If you walk around the streets of Moscow, you will eventually smell the faint odor of gasoline.
It’s as ever present in the air around Russia’s capital as it is central to the country’s economy, infrastructure and geopolitical posture.
Russian President Vladimir Putin has spelled out a nationalist rationale for his country’s military incursion into two restive provinces in eastern Ukraine largely controlled by Kremlin-backed separatists, but it is primarily about protecting Moscow’s energy interests.
That was true in 2014, when Russia seized Crimea and I was a Moscow correspondent for The Wall Street Journal, for which I wrote dozens of stories about the insurgency in Donetsk and Luhansk that Russia helped foment. And it remains true now.
To understand the Kremlin’s motivations in regards to its smaller, impoverished neighbor, the key fact to know is that Russia supplies 40% of Europe’s heating fuel supplies — namely natural gas.
“Any crimp on Russia’s ability to access the European market is a threat to its economic security.”
To get it there, Russia relies mostly on two aging pipeline networks, one of which runs through Belarus and the other through Ukraine. For this, Russia pays Ukraine around $2 billion a year in transit fees.
Russia is a petrostate and relies on oil and natural gas sales for about 60% of its export revenue and 40% of its total budget expenditures. Any crimp on Russia’s ability to access the European market is a threat to its economic security.
In the Kremlin’s view, a switch of allegiance by Kiev to the West — be it an economic association agreement with the European Union like Ukraine was on the verge of signing in 2014, or even the hint of joining NATO — is close to an act of war.
In my three years covering Russia, I watched as the country slowly withdrew into itself after Putin returned to office for what was then his third term as president.

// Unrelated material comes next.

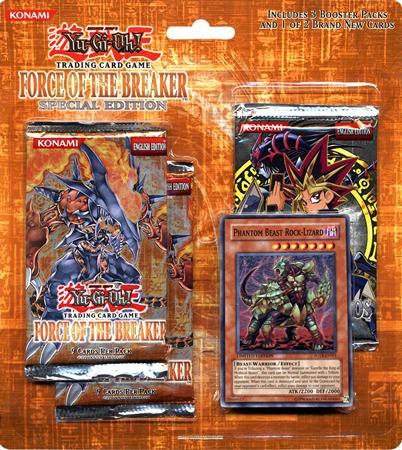 YuGiOh Trading Card Game Force of the Breaker Special Edition Phantom Beast  Rock-Lizard Konami - ToyWiz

Gone were prior efforts to intertwine Russia’s economy into the global system and encourage foreign investment. As towering skyscrapers rose in Moscow atop a pile of oil cash, Putin’s government became more backwards-looking and isolated.

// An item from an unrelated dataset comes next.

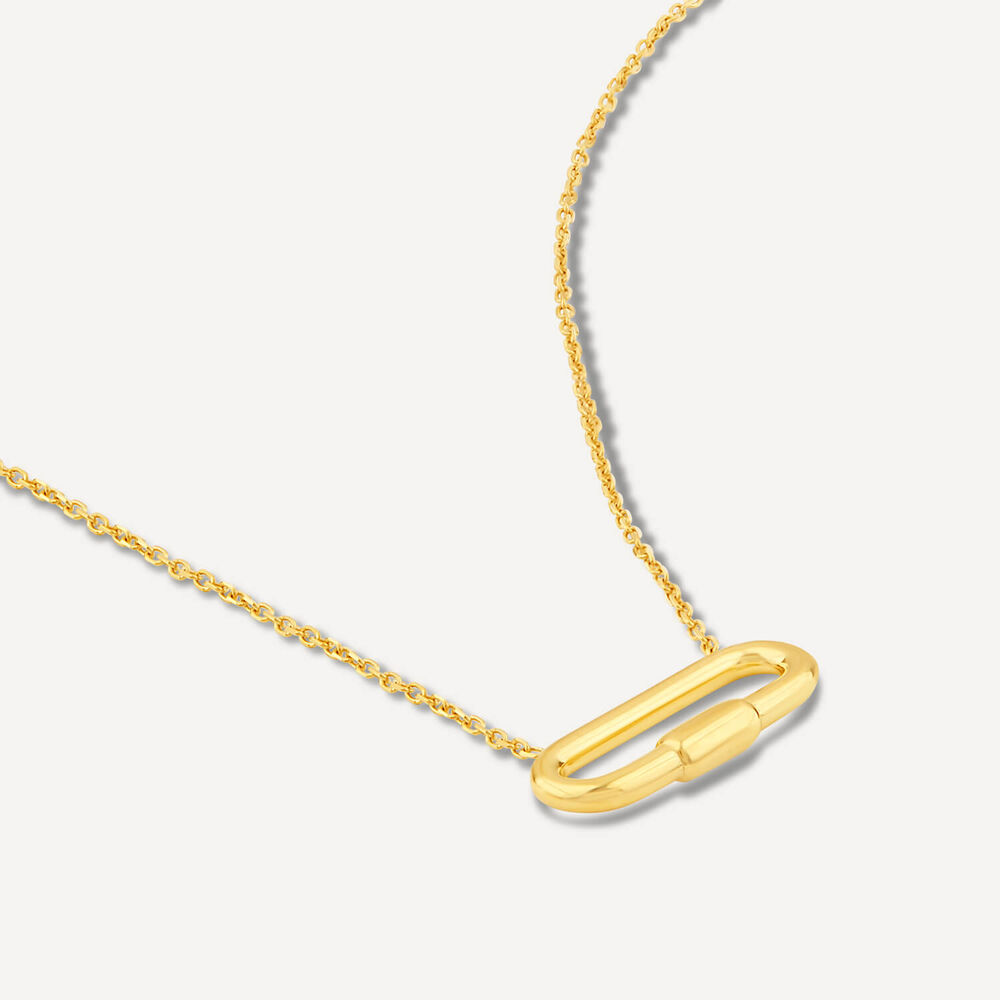 9ct Yellow Gold Carabiner Pendant image number 3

“In Ukraine, meanwhile, many were growing increasingly ill at ease with the impoverished state of their country.”
In Ukraine, meanwhile, many were growing increasingly ill at ease with the impoverished state of their country and highly-corrupt political system as it languished locked in a kind of Soviet-era limbo under Russian domination.
As Ukrainians looked to rising living standards in places like Poland and Latvia that had joined NATO and the EU many wondered why they couldn’t have the same for themselves.
This is where Putin’s nationalistic impulses kick in. He views the fall of the Soviet Union as the “greatest geopolitical tragedy” of the past century and the rush of former-Eastern Bloc countries into embrace of the European Union and even NATO, as a great humiliation.
He has drawn a line in the sand with countries that border Russia, invading Georgia in 2008 when it hinted at joining NATO, and moving to destabilize Ukraine when it moved to establish closer economic ties with Europe.
Domestically, Putin has sold the incursions into Ukraine on purely nationalistic grounds — even going so far this weekend as to dismiss Ukraine’s history as an independent country as a falsehood.
While Ukrainians and Russians share religions and ethnicities, they speak different (albeit similar) languages. And while Russians have seen their quality of life improve awash in petro-rubles in the decades under Putin’s rule, Ukrainians have been mired in poverty and bogged down by misrule.
It is no wonder why many Ukrainians look yearn to be unmoored from their bigger, Imperialist neighbor.
But for Putin and his cohort of oligarchs, Ukrainian self-determination is not really on the table. Not when it puts at risk the flow of money that has kept them in power.